The GPL folks are quite happy to have you "share" anything that *you* create. Their simply-stated and elegantly-achieved intent is that you don't "share" anything that *they* create except on the terms they have required for their creations.

So, it seems to me, you are whining because the authors of GPL'd code don't want you to release *their* code except under the GPL. What gives *you* the right to dictate to them? How would you like it if Richard Stallman insisted that you release your code under the GPL? Which, of course, he doesn't.

As the MPAA knows, people do want to share, and
forcing them not to do so is impossible without turning the world into
a police state.

Socialism is unpopular for many reasons, and many of them are indeed to do with maintaining the separation between individuals and thereby retaining the ability to treat them as separate economic units. But we aren't going to change that by insisting on particular software licenses. Realize this is a very small part of a very large debate.

What's the cost of copying music files vs cost of combining some programs together, even in the form of e.g. using an
external library?



Maybe if Python were GPL, then Bulba wouldn't use it,
but since it's not GPL, some people find themselves much less willing
to contribute to it than if it were GPL.

And that is their choice. They should realize, however, that some licenses (including the more recent Python licenses) are cleared as "GPL-compatible". I believe this means that if I receive software licensed under a GPL-compatible license, I am at liberty to distribute it under the GPL.

I suspect that this point is far too infrequently stressed.

Personally, I have precisely opposite impression: the OSS licensed
with BSD/MIT/Artistic/Python-like license gets contributed to a lot
simply because people like to use it and they are not afraid of
licensing issues.


This merely goes to show that different people can form different impressions when discussing the same sets of facts, and therefore how useless impressions are as the basis for rational discussion.

When people share:

_it is not because this or that license of software used by them says
so, but because they want to for reasons orthogonal to licensing
issues_.

Absolutely not. Some people want to share under very specific conditions, hence the proliferation of licenses in the open source world.


(I myself contribute bug
reports and maybe small patches, but resist larger projects since
there are GPL'd things that I can do instead).  So catering to the
wishes of Bulba and Microsoft may actually be impeding Python
development.  Yes, there are some people selfless enough to do long
and difficult unpaid software tasks so that Bulba and Bill G can get
richer by stopping people from sharing it, but others of us only want
to do unpaid programming if we can make sure that the results stay
available for sharing.


Actually, I get the impression that GPL-ed software is written by
programmers for programmers, not really for end users.

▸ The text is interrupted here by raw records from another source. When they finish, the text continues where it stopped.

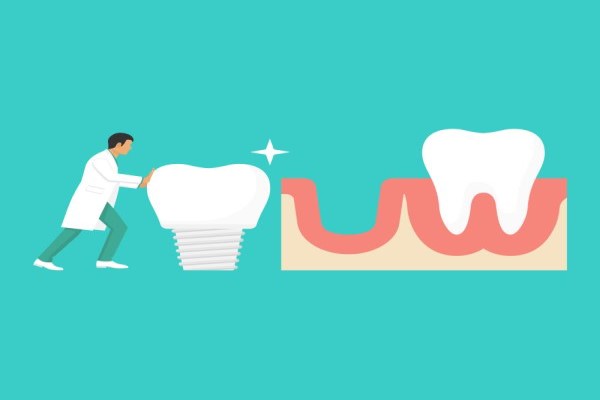 Dental Implants Are A Solution For Missing Teeth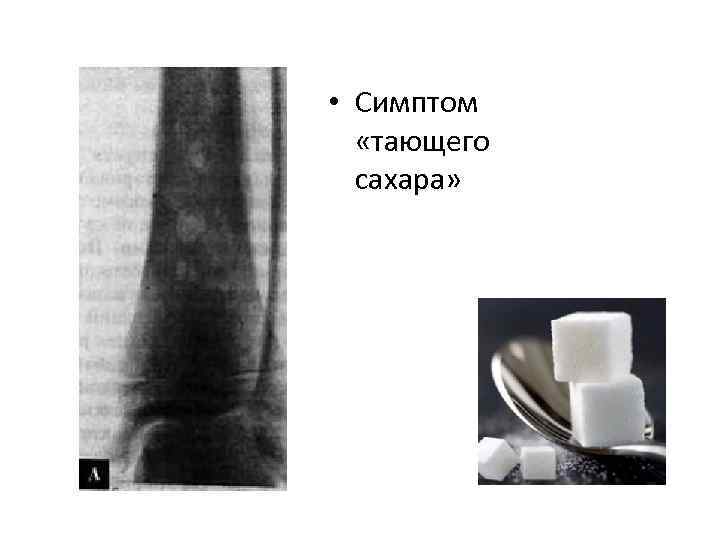  • Симптом «тающего сахара» 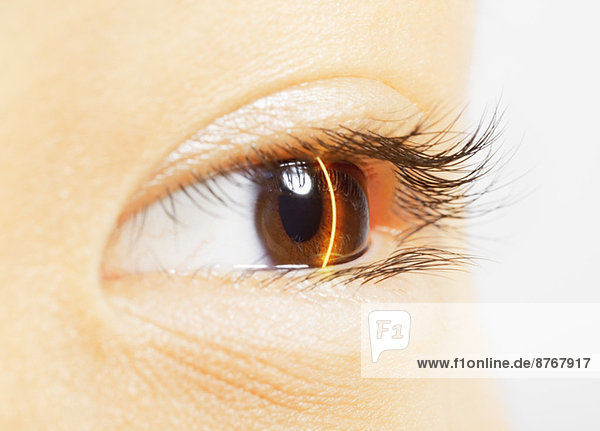 Extreme close up of laser scanning brown eye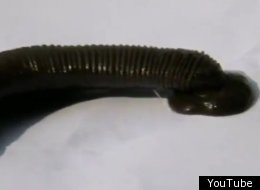 WATCH: Doctors Remove 4-Inch Leech From Teenage Boy's Throat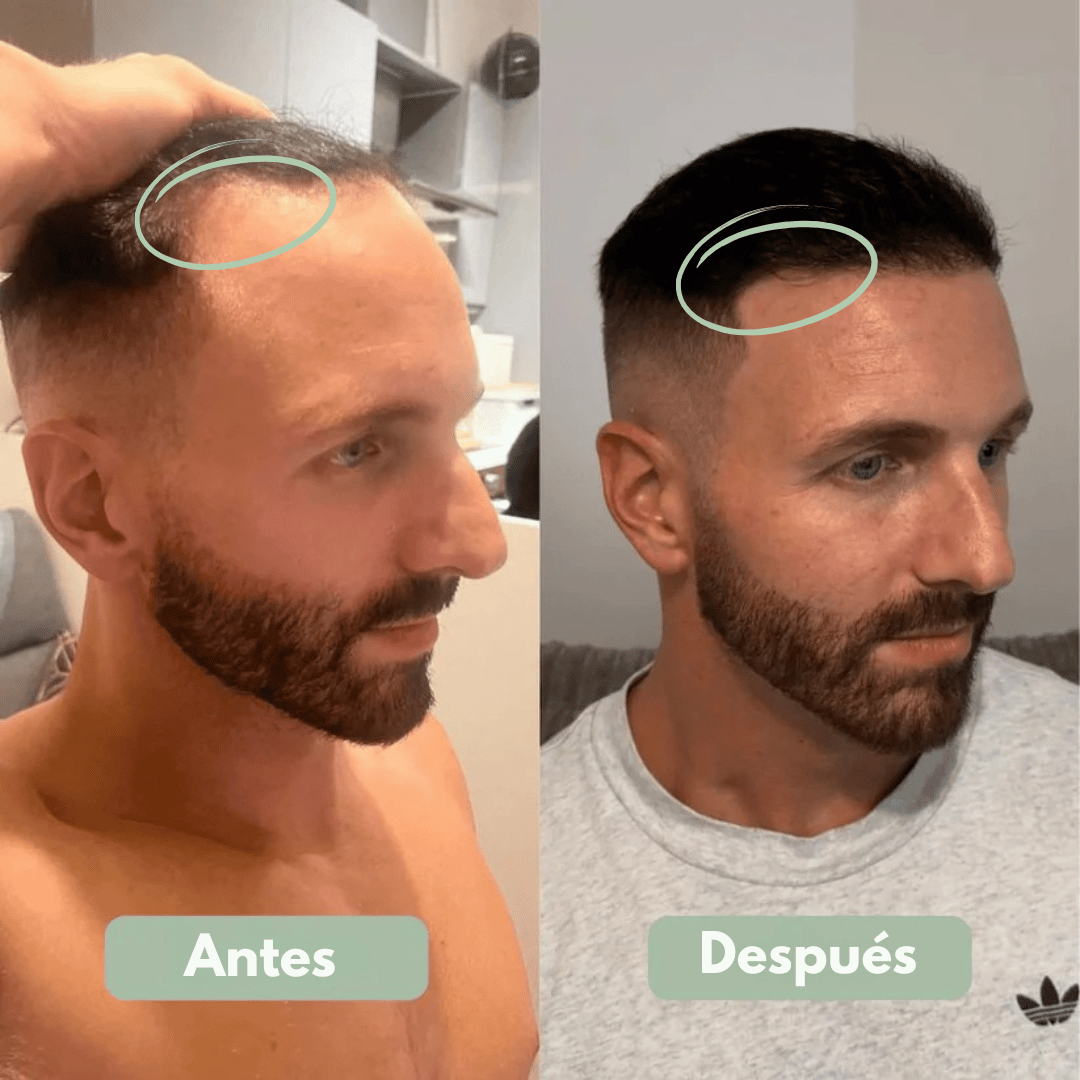 Reverse - Serum Roll-On para el Crecimiento Capilar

Not at all. It's written to be redistributed under specific terms, and anyone who doesn't like those terms has the option of redeveloping the functionality for themselves.

You can't insist that people give you their intellectual property on *your* terms. That would be like insisting that the music industry bring down the price of their clearly-overpriced products, or that the Baltimore Orioles stop the concession stands from charging $4.50 for a one-dollar beer. If you want a vote in such situations then your feet are the appropriate instrument. Walk away, and stop whining :-). Insisting will do you no good.

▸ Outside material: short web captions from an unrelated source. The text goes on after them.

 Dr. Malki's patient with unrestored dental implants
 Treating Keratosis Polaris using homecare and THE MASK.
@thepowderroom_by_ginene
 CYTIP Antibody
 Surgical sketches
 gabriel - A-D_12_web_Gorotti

GPL folks just insulate themselves in their ghetto from the rest of the world. More and more of the successful OSS projects have
non-GPLed licenses: Apache, Postgres, Perl, Mozilla, Python. Do you
_really_ see few contributions made to those?

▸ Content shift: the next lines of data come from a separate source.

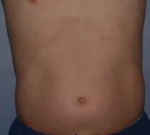 Liposuction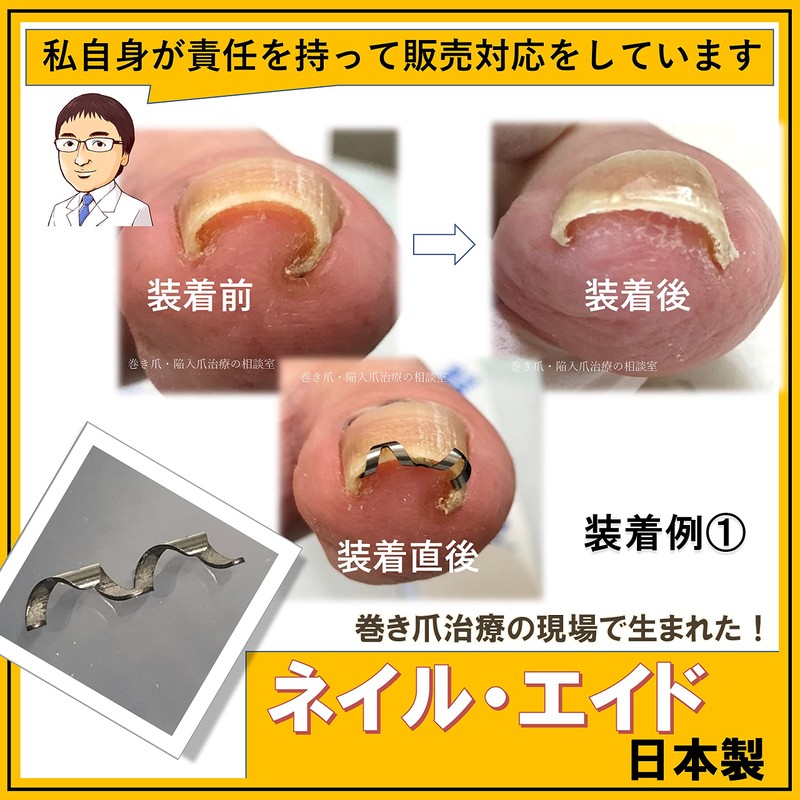 Nail Aid 0.6 inch (14 mm) Winding Nail Correction Self-Winding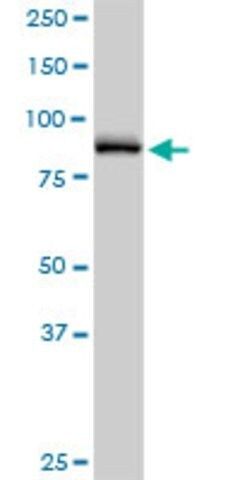 Anti-NPHP1 antibody produced in rabbit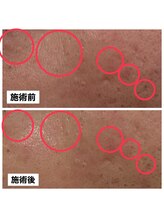 エステティック アントワネット/高濃度水素LEAP+ララピール1回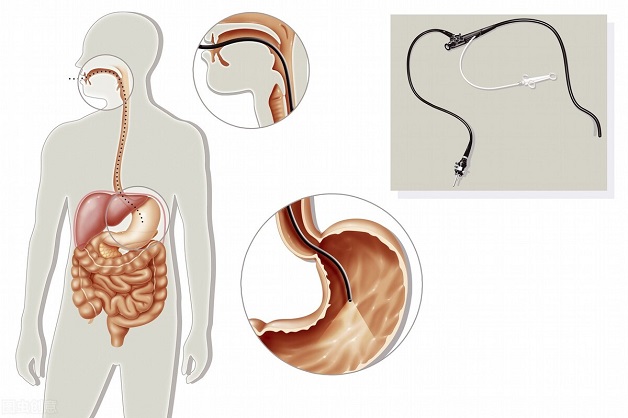 Nội soi thực quản dạ dày tá tràng được thực hiện khi nào?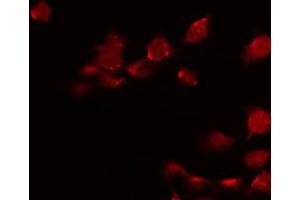 ABIN6272323 staining Hela by IF/ICC. (HOXD8 antibody  (Internal Region))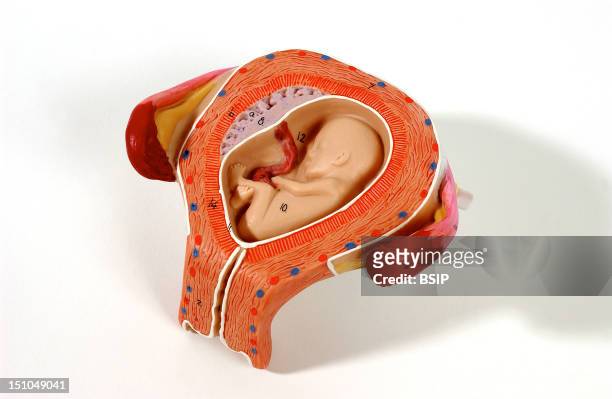 Anatomical Model Of The Female Reproductive Organs During Pregnancy Fetus At Three Months. At Three Months Of Pregnancy, The Womb Has Reached The...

More and more? Can we see some numbers to support this "impression"?

-- It's a man's life in a Python Programming Association.

Since I'm taking issue with you, I will end by gently pointing out that there's a substantial minority (? - my impression) of people who might find your tag line (which I am sure is intended to be supportive of Python and the c.l.py ethic, such as we might agree exists), gender-biased and therefore just as unacceptable to them as the GPL appears to be to you.